The Trump Administration this year extended the length of short-term plans from three months to one year, with an extension allowed for up to three years. Because these plans would not be obligated to cover the essential benefits mandated under the ACA, premiums are expected to be lower.
Opponents have said this would cause an exodus of healthy consumers from the traditional ACA market and rising prices for those left behind.
THE TREND
CMS has been taking credit for stabilizing the ACA market and lowering premiums through the use of waivers and by easing regulations.
For instance, reinsurance waivers have helped reduce premium costs, CMS said.

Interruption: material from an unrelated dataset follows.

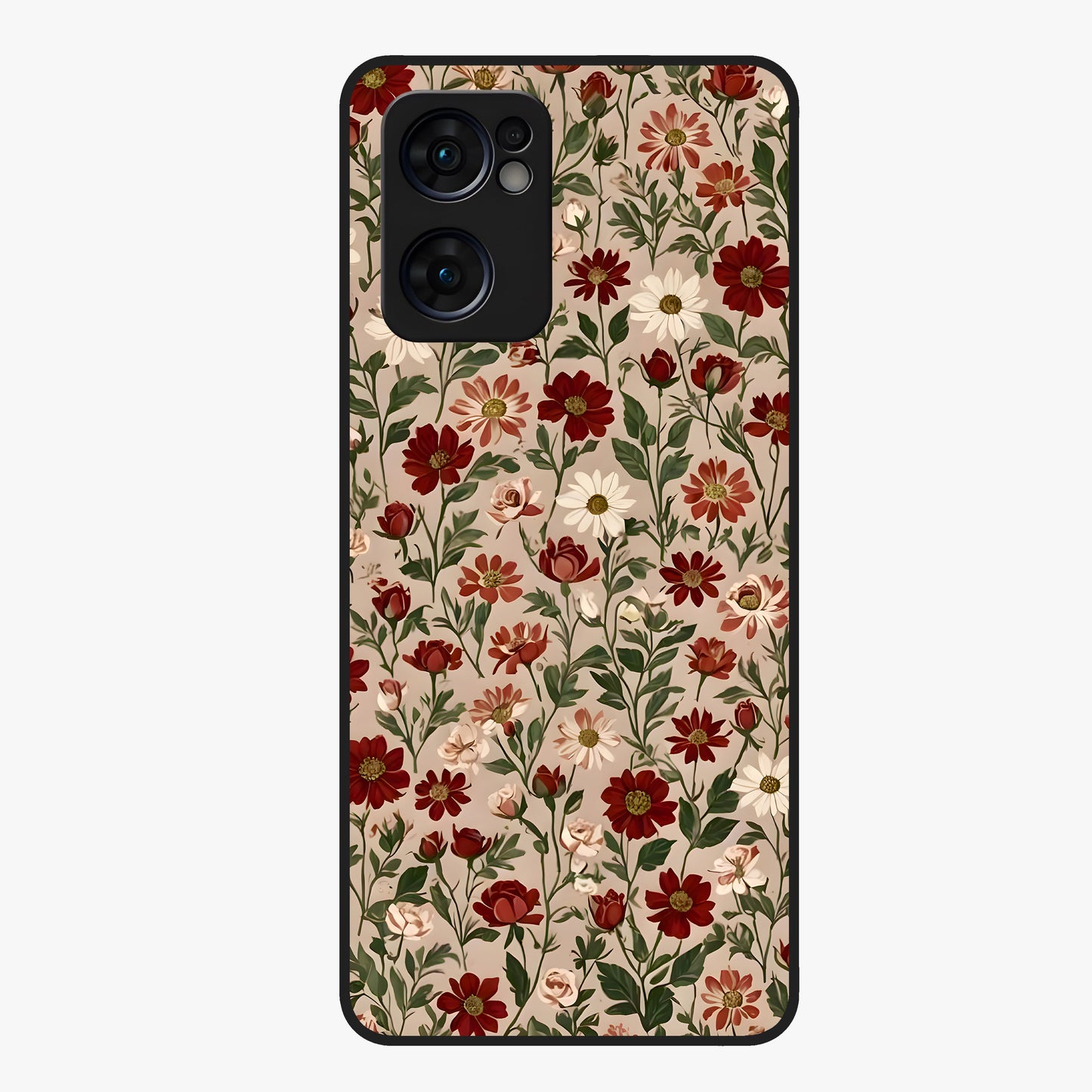 Biege Flower With Leaf Glass Case showing flat back view with soft beige floral artwork and glossy glass finish.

To date, CMS has approved eight state waivers, and all but one have been a reinsurance waiver for states to develop high-risk pools to help pay the cost of high claims.
The reason for the lack of other approved waivers is due to the previous Administration limiting the types of state waiver proposals that the government would approve, CMS said.
The new Section 1332 waivers, called state relief and empowerment waivers, will allow states to “get out from under onerous rules of Obamacare,” Verma said.
WHAT ELSE YOU NEED TO KNOW
Under Section 1332 of the ACA, states can waive certain provisions of the law as long as the new state waiver plan meets specific criteria, or “guardrails,” that help guarantee people retain access to coverage that is at least as comprehensive and affordable as without the waiver; covers as many individuals; and is deficit neutral to the federal government.
The new waivers should aim to provide increased access to affordable private market coverage; encourage sustainable spending growth; foster state innovation; support and empower those in need; and promote consumer-driven healthcare, CMS said.
ON THE RECORD
“Now, states will have a clearer sense of how they can take the lead on making available more insurance options, within the bounds of the Affordable Care Act, that are fiscally sustainable, private sector-driven, and consumer-friendly,” said Health and Human Services Secretary Alex Azar.
“The Trump Administration inherited a health insurance market with skyrocketing premiums and dwindling choices,” said CMS Administrator Seema Verma. “Under the president’s leadership, the Administration recently announced average premiums will decline on the federal exchange for the first time and more insurers will return to offer increased choices.
“But our work isn’t done. Premiums are still much too high and choice is still too limited. This is a new day — this is a new approach to empower states to provide relief. States know much better than the federal government how their markets work. With today’s announcement, we are making sure that they have the ability to adopt innovative strategies to reduce costs for Americans, while providing higher quality options.”